(Caption-style text data)
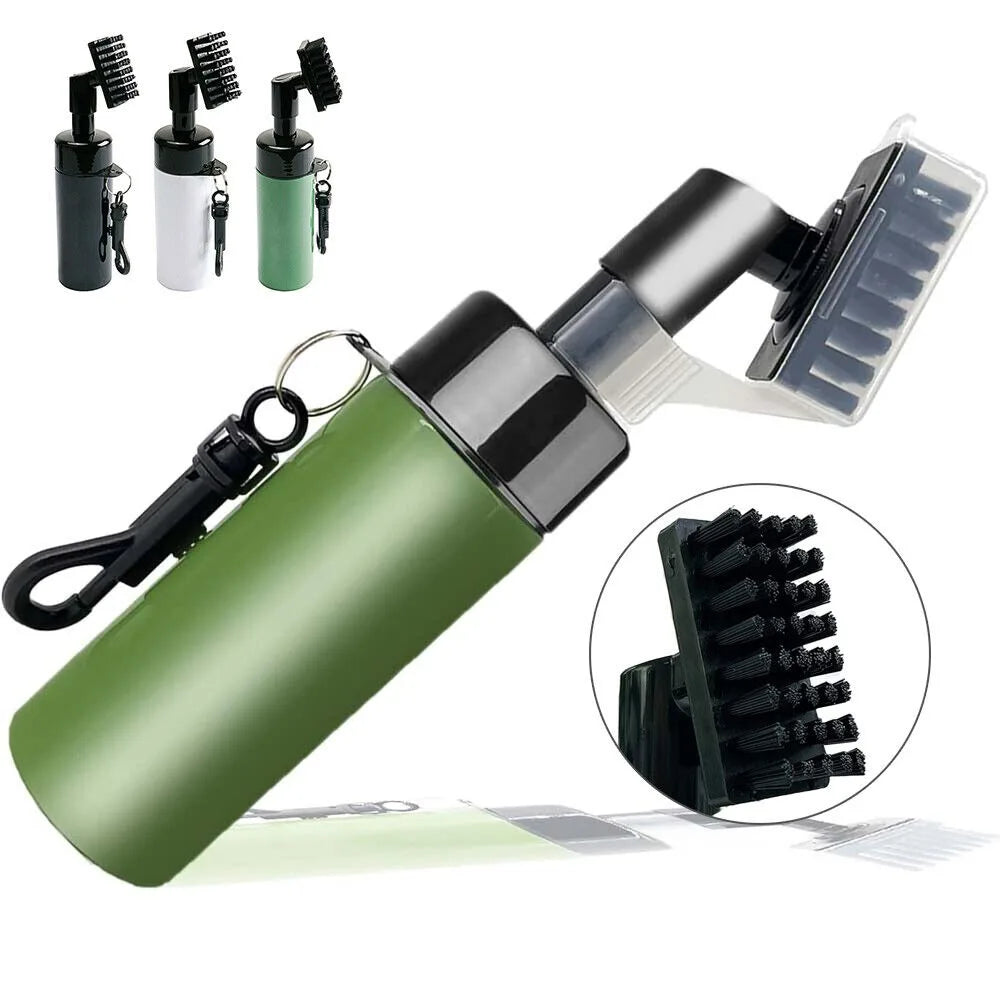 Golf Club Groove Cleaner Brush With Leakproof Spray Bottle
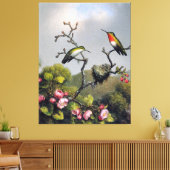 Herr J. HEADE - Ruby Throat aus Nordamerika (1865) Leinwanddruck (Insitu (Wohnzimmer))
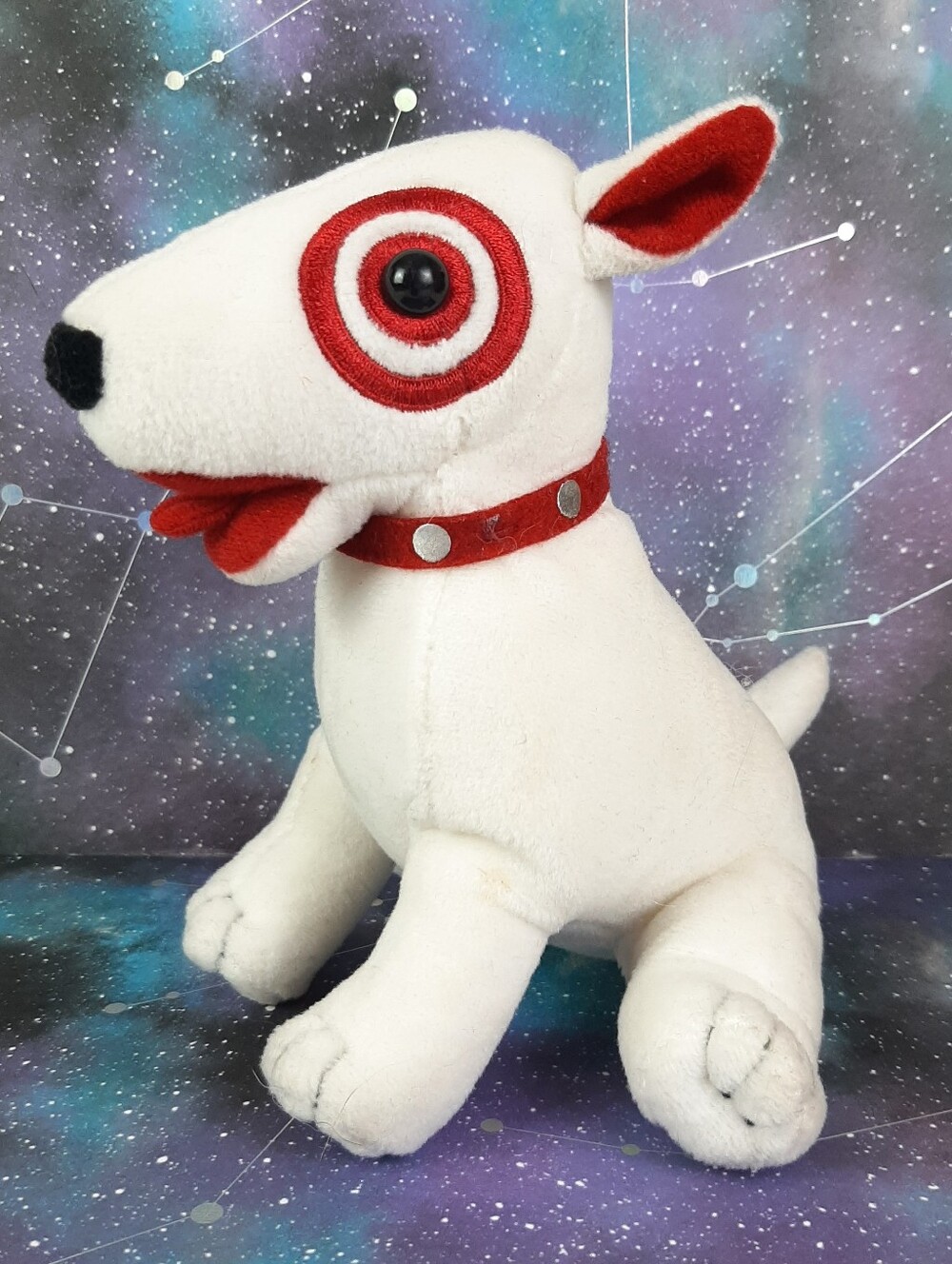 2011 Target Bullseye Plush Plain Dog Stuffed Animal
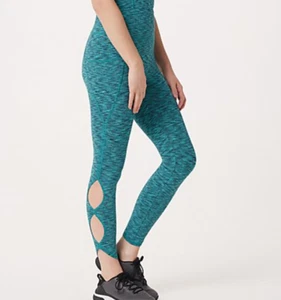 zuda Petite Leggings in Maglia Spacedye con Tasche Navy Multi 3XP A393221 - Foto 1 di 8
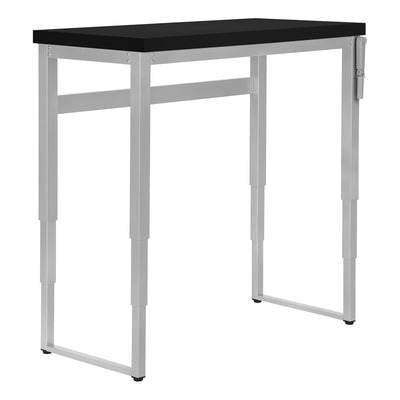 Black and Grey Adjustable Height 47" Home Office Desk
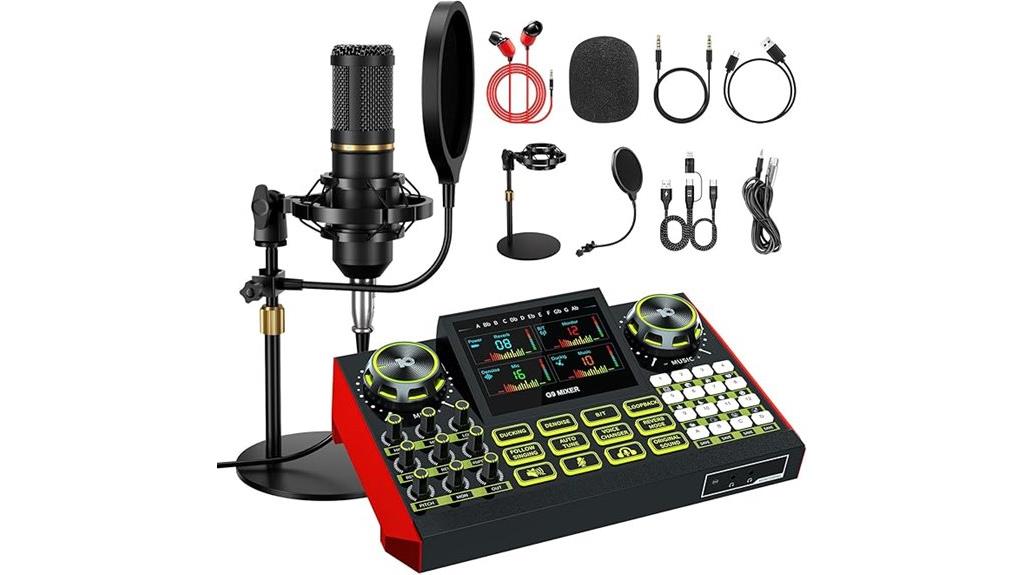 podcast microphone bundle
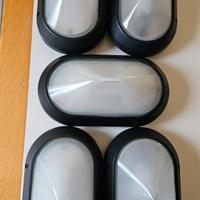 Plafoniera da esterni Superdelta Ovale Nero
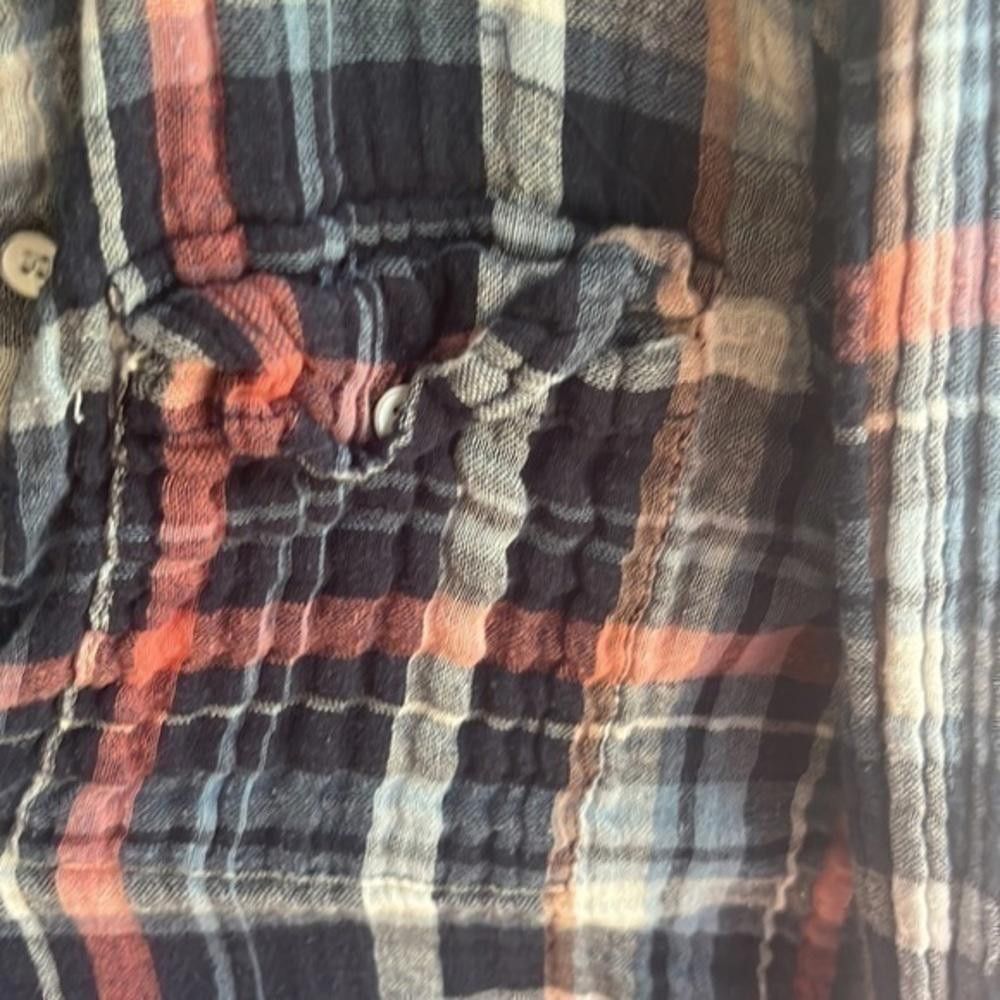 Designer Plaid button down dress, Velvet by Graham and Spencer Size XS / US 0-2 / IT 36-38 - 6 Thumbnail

# Required action
Lines before the one containing "2011 Target Bullseye" are not wanted; write out that line and every later line through the end of the data above, exactly, without pictures.

# Finished task
 2011 Target Bullseye Plush Plain Dog Stuffed Animal
 zuda Petite Leggings in Maglia Spacedye con Tasche Navy Multi 3XP A393221 - Foto 1 di 8
 Black and Grey Adjustable Height 47" Home Office Desk
 podcast microphone bundle
 Plafoniera da esterni Superdelta Ovale Nero
 Designer Plaid button down dress, Velvet by Graham and Spencer Size XS / US 0-2 / IT 36-38 - 6 Thumbnail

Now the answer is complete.